We're looking for a highly skilled and self-driven Site Reliability Engineer (SRE-2) to join our team in Hyderabad. This is a full-time, work-from-office role (5 days a week) perfect for someone with 8-12 years of experience who thrives on challenges and is passionate about building robust, scalable, and highly available systems.

You'll play a crucial role in ensuring the reliability, performance, and efficiency of our critical infrastructure and applications, with a particular focus on Kubernetes, DevOps, and observability.

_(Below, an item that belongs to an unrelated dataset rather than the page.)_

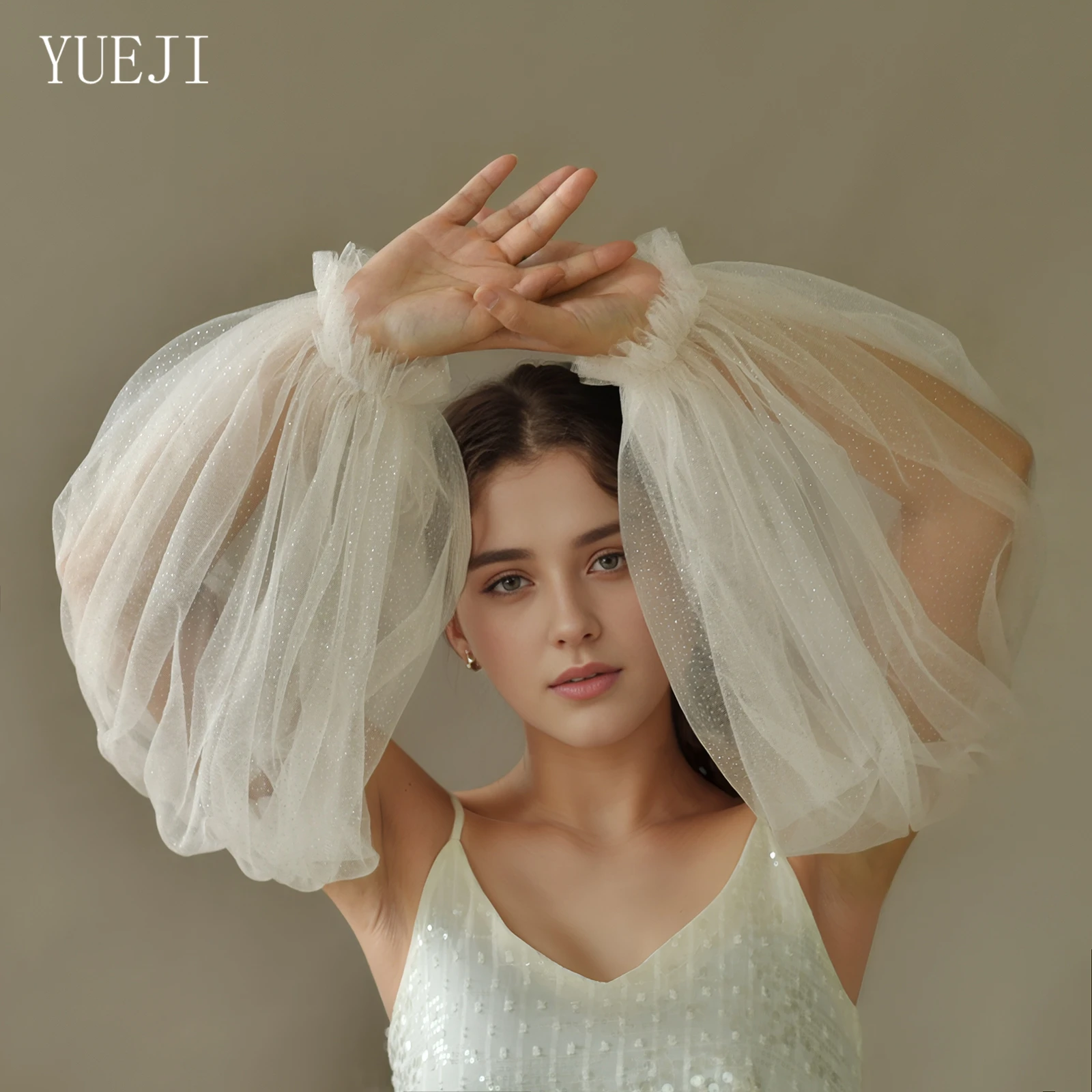 YUEJI Lightweight Breathable Mesh Long Women's Shoulder Sleeves for Bride Sleeveless Wedding Dress and Party Dance VM10-X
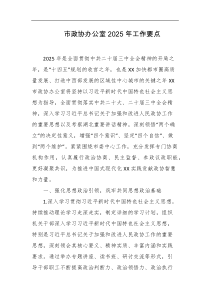 市政协办公室2025年工作要点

If you have hands-on experience with ML applications, GPU optimization, and Big Data systems, you'll be an ideal fit.

Key Responsibilities :

As a Site Reliability Engineer (SRE-2), you will :

- Design, deploy, and manage highly available and scalable Kubernetes clusters and robust DevOps pipelines.

- Troubleshoot and resolve complex infrastructure and application issues across various environments.

- Implement, maintain, and enhance comprehensive observability solutions, with a strong emphasis on Thanos and related monitoring and alerting tools.

- Provide expert support for machine learning (ML) workflows, leveraging tools like MLflow and Kubeflow.

- Optimize applications to maximize performance in GPU-accelerated environments.

- Contribute individually to projects and proactively learn and adopt new technologies to stay ahead of industry trends.

- Automate repetitive tasks and streamline operational processes using a diverse set of scripting and automation tools including Python, Ansible, Groovy, and Shell scripting.

Qualifications :

To be successful in this role, you should have :

- Strong, hands-on experience with Kubernetes and a deep understanding of core DevOps principles and tools.

- Proven expertise in observability and monitoring solutions, with a strong preference for experience with Thanos.

- Demonstrable experience working with ML platforms and optimizing applications for GPU-based environments.

- CKS (Certified Kubernetes Security Specialist) certification is preferred.

- Experience with Big Data systems is a significant plus.

- Proficiency in multiple scripting and automation languages : Python, Ansible, Groovy, and Shell scripting.

- Hands-on experience with CI/CD tools such as Jenkins, Ansible, and ArgoCD.